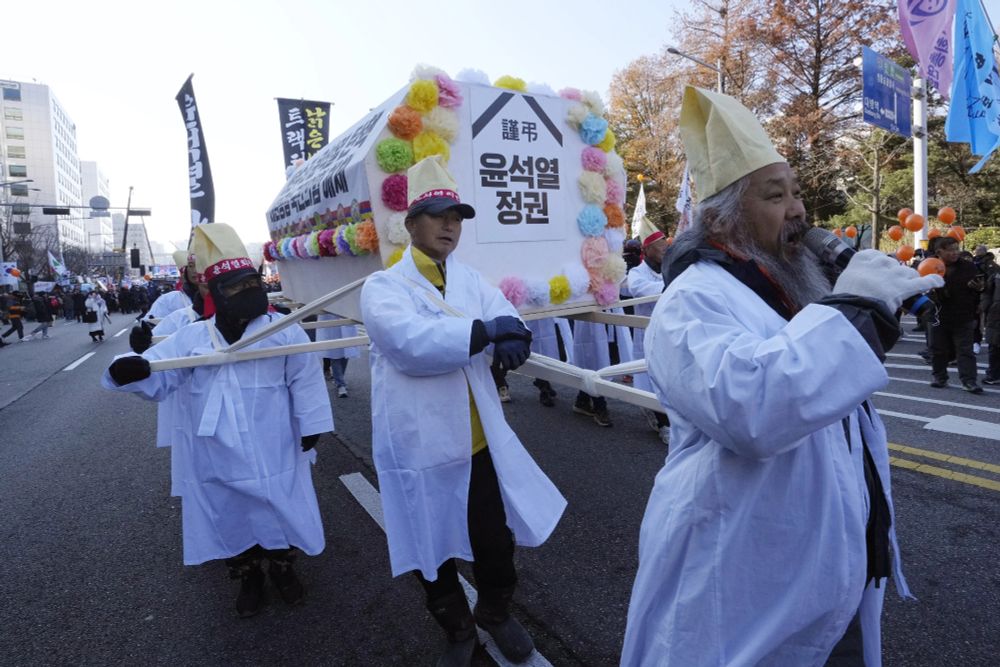 Farmers carry a coffin symbolizing South Korean President Yoon Suk Yeol’s government before a rally to demand his impeachment outside the National Assembly in Seoul, South Korea, Saturday, Dec. 14, 2024. The signs read " Yoon Suk Yeol’s government. " (AP Photo/Ahn Young-joon)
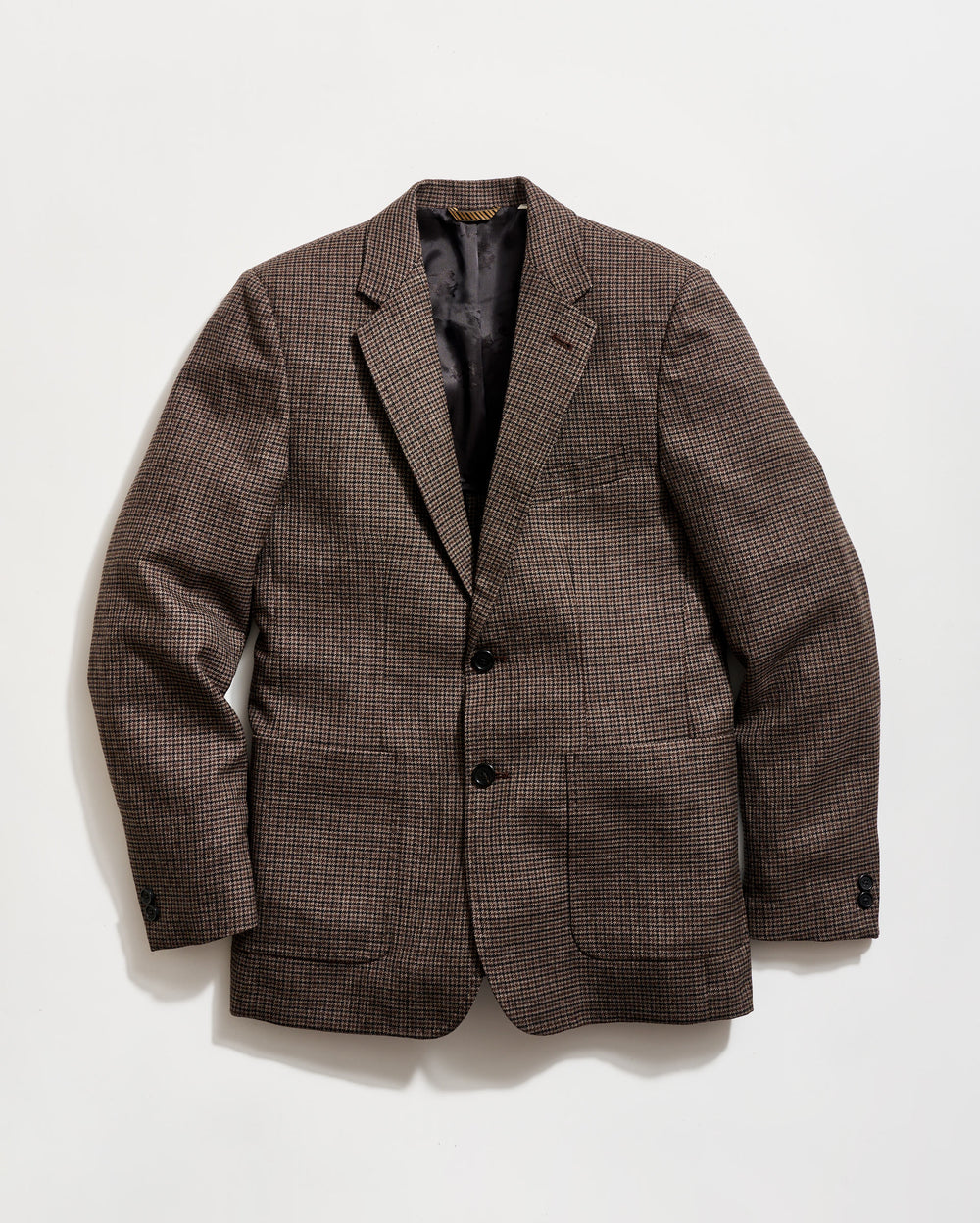 Brown checkered blazer on a light gray background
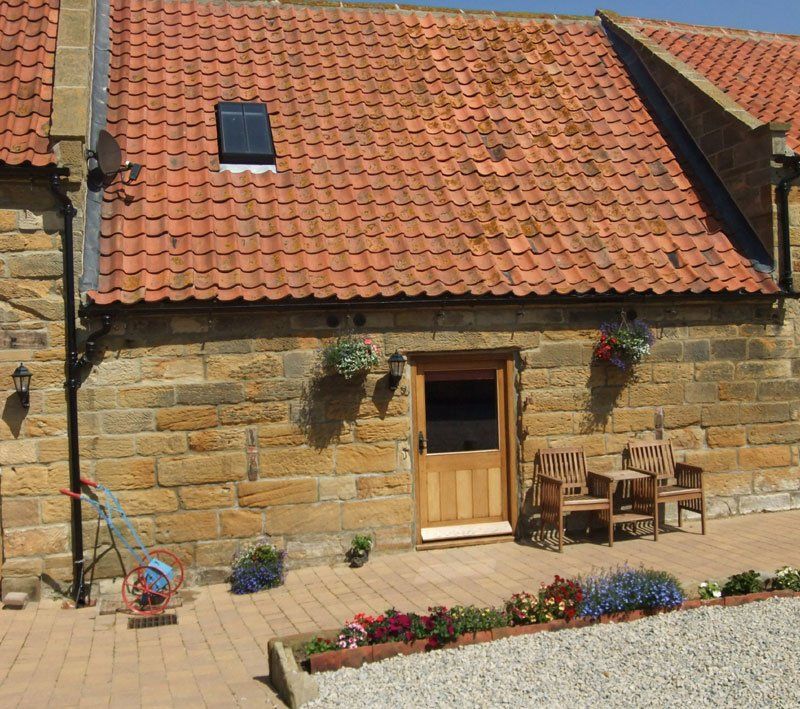 Stone cottage with red tiled roof, wooden door, small patio, and potted flowers.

◆ ◆ ◆ ◆

» **Work to complete**
Pictures are to be dropped, and the remaining data set down exactly.

» **Output**
 Farmers carry a coffin symbolizing South Korean President Yoon Suk Yeol’s government before a rally to demand his impeachment outside the National Assembly in Seoul, South Korea, Saturday, Dec. 14, 2024. The signs read " Yoon Suk Yeol’s government. " (AP Photo/Ahn Young-joon)
 Brown checkered blazer on a light gray background
 Stone cottage with red tiled roof, wooden door, small patio, and potted flowers.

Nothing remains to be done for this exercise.